Figure 3.. The ChunkedGraph approach for proofreading supervoxel graphs.

(a) One-dimensional representation of the supervoxels graph. In the simplest approach (naive), connected component information (neuronal component) is stored in a dedicated parent node. (b) In an alternative data structure connected component information is stored in an octree structure where each abstract node (black nodes in levels > 1) represents the connected component in the spatially underlying graph (dashed lines represent chunk boundaries). Nodes on the highest layer represent entire neuronal components. (c) Illustration of how edits to the ChunkedGraph (here, a split; indicated by the red arrow and removed red edge) affect the supervoxel graph to recompute the neuronal connected components. (d) Chunk size (represented by the grid) along each dimension in different layers. (e) Server response times for the remapping of the connected components from root to supervoxel (N=3,080,494) and supervoxel to root (N=12,096) (f) as well as splits (N=2,497) and merges (N=4,612) for real user interactions in the beta-phase of FlyWire. (g) Number of supervoxels that need to be loaded for a split (global vs local) (h, i) Reading speed (h) and speed of max-flow min-cut calculations (i) for the ChunkedGraph and a naïve approach. The red lines in (g, h, i) are mean and the shaded area standard deviation of bins along x-axis (10 bins); N=15,233 split operations. N in (e, f) are the number of observed requests to the server.

Figure 4.. Attaching automatically detected synapses to neurons.

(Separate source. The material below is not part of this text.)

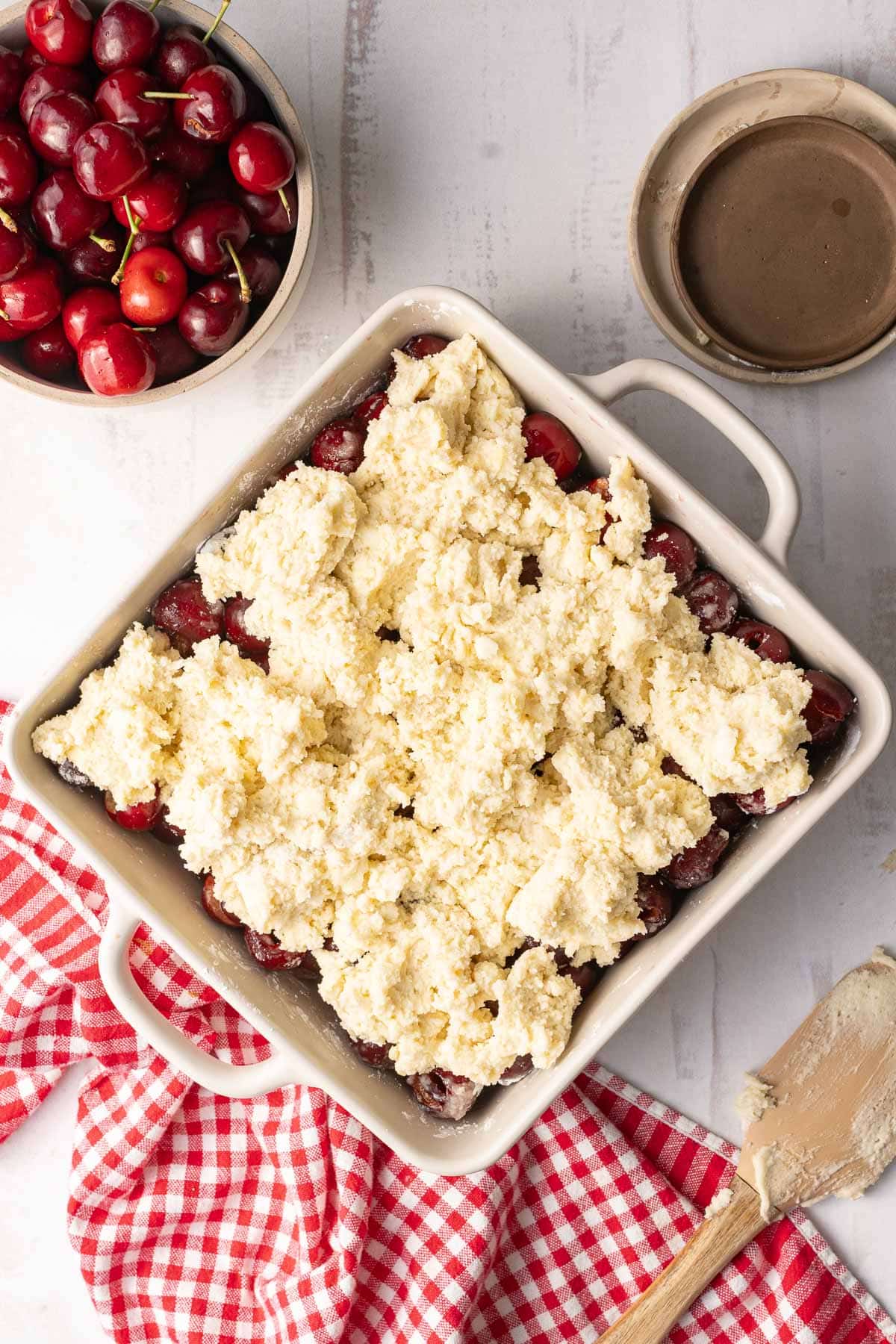 A gluten-free cherry cobbler in a baking dish, ready to bake, placed on top of the table.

(a) Each edit (black dot) is linked to a user and timestamp enabling the retrieval of the edit history and credit assignment post-hoc. (b, c) Classification of pre- (b) and post-synaptic (c) segments based on their morphology and whether they are attached to a bigger component that will be attached during a conservative procedure. (d) Examples of these assessments. (e) AMMC-A2 neuron (left) with automatically detected synapses displayed as balls (blue: presynaptic (N=5140), red: postsynaptic (N=1669), balls overlap). Scale bar: (d): 1 μm; (e) 50 μm, (e, inset): 10 μm

Figure 5.. Proofreading in FlyWire.

Analysis of 183 triple-proofread neurons (a) Number of edits per neuron and proofreading round (medians: 1: 18, 2: 7, 3: 9, means: 1: 36.5, 2: 18.0, 3: 25.7). (b) Number of edits per neuron and proofreading round restricted to large edits (> 1μm³, medians: 1: 7, 2: 1, 3: 0, means: 1: 10.9, 2: 2.5, 3: 2.6). (c, d) F1-Scores (0–1, higher is better; with respect to proofreading results after three rounds) between different proofreading rounds according to volumetric completeness (c) (medians: Auto: 0.730, 1: 0.989, 2: 0.999, means: Auto: 0.665, 1: 0.968, 2: 0.984) and assigned synapses (d) (medians: Auto: 0.724, 1: 0.988, 2: 0.998, means: Auto: 0.642, 1: 0.942, 2: 0.970). “Auto” refers to reconstructions without proofreading. Boxes are interquartile ranges (IQR), whiskers are set at 1.5 x IQR.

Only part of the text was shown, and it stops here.